Work task:
Output the first line below and each one after it, exactly, up to and including the line holding "Hi friends, welcome". Pictures should not be copied.

(Data provided Opens)

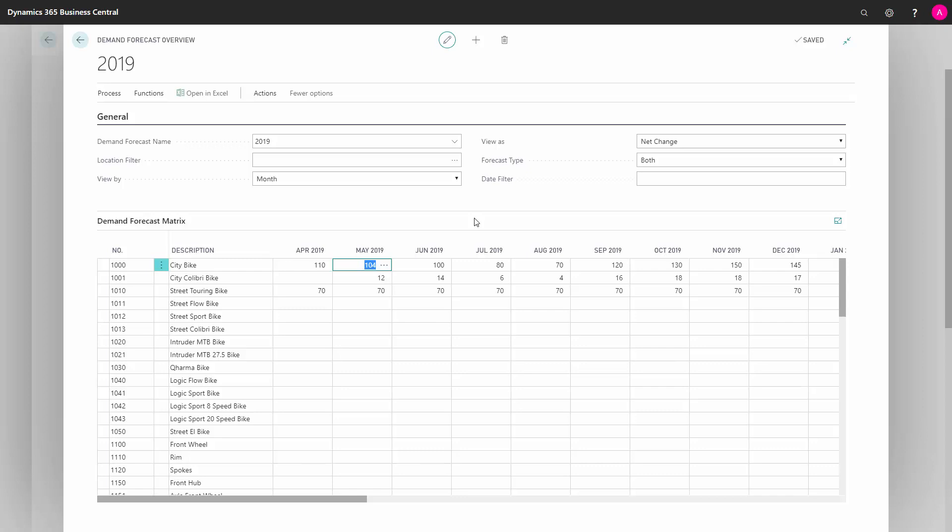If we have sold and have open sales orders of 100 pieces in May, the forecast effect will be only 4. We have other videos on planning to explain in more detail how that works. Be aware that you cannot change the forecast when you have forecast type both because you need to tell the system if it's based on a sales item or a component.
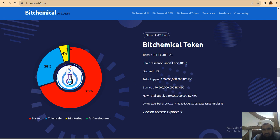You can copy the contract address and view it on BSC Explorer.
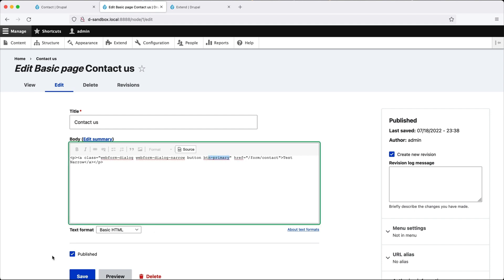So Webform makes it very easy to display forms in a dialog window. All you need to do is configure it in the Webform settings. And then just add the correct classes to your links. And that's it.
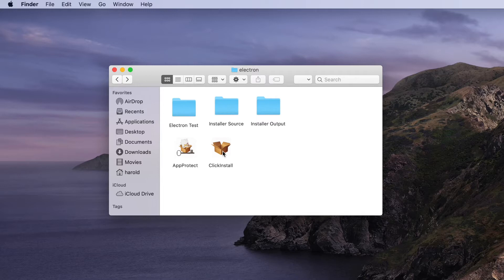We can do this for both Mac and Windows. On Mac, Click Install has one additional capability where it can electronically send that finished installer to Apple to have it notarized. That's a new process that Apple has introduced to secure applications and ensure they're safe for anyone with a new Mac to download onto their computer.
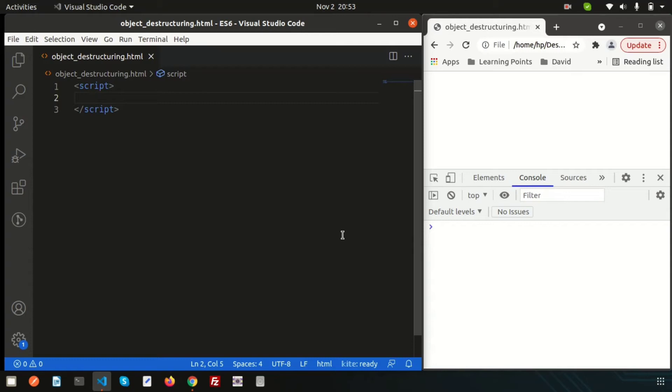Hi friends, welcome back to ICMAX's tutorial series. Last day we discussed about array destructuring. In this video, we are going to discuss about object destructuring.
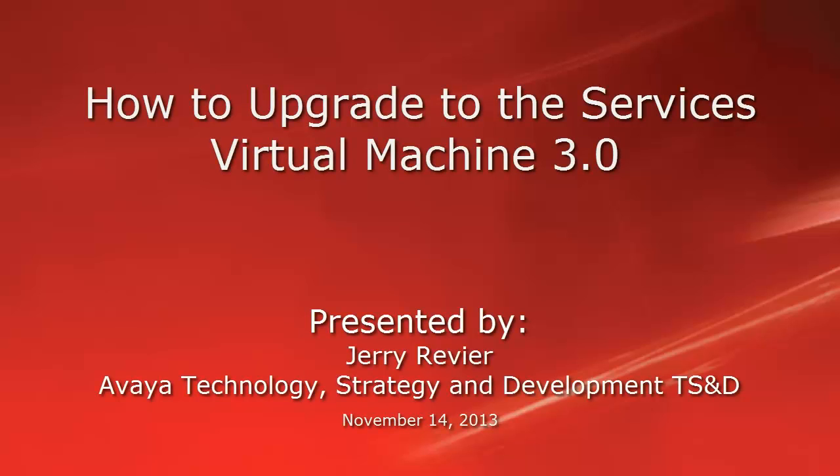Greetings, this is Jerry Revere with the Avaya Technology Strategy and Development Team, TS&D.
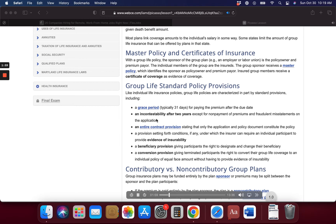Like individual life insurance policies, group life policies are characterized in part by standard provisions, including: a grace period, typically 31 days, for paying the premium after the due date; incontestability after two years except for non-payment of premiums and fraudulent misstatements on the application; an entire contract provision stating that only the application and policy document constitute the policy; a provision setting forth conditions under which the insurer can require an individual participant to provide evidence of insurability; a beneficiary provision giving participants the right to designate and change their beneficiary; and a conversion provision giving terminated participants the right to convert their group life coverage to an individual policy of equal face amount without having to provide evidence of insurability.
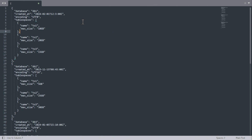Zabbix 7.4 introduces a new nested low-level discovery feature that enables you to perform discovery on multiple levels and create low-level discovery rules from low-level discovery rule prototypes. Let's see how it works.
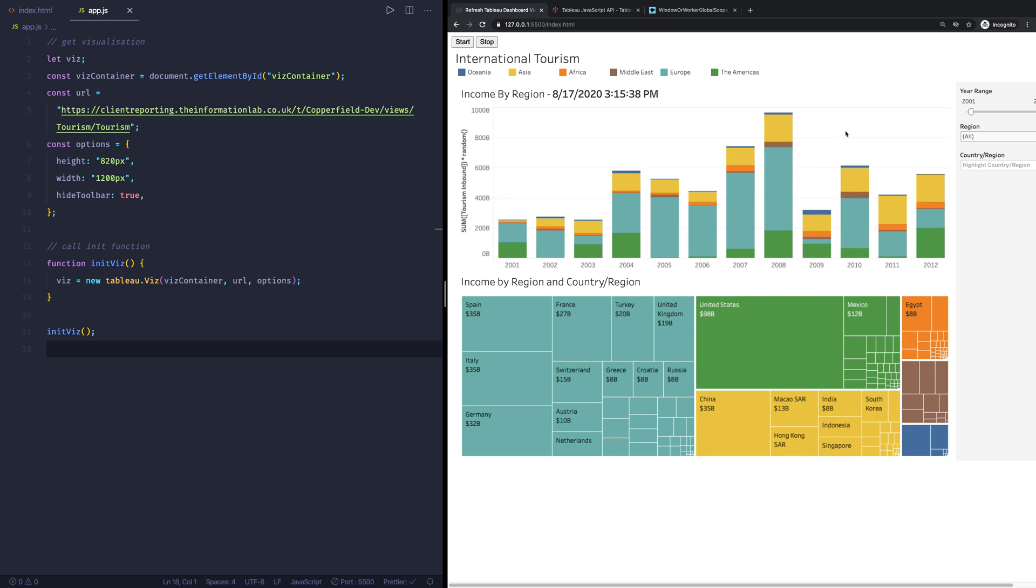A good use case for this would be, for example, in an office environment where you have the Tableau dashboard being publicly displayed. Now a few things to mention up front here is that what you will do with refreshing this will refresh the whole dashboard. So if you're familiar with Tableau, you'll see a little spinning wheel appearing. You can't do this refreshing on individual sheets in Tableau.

(Data provided Closes)

Response area:
If we have sold and have open sales orders of 100 pieces in May, the forecast effect will be only 4. We have other videos on planning to explain in more detail how that works. Be aware that you cannot change the forecast when you have forecast type both because you need to tell the system if it's based on a sales item or a component.
You can copy the contract address and view it on BSC Explorer.
So Webform makes it very easy to display forms in a dialog window. All you need to do is configure it in the Webform settings. And then just add the correct classes to your links. And that's it.
We can do this for both Mac and Windows. On Mac, Click Install has one additional capability where it can electronically send that finished installer to Apple to have it notarized. That's a new process that Apple has introduced to secure applications and ensure they're safe for anyone with a new Mac to download onto their computer.
Hi friends, welcome back to ICMAX's tutorial series. Last day we discussed about array destructuring. In this video, we are going to discuss about object destructuring.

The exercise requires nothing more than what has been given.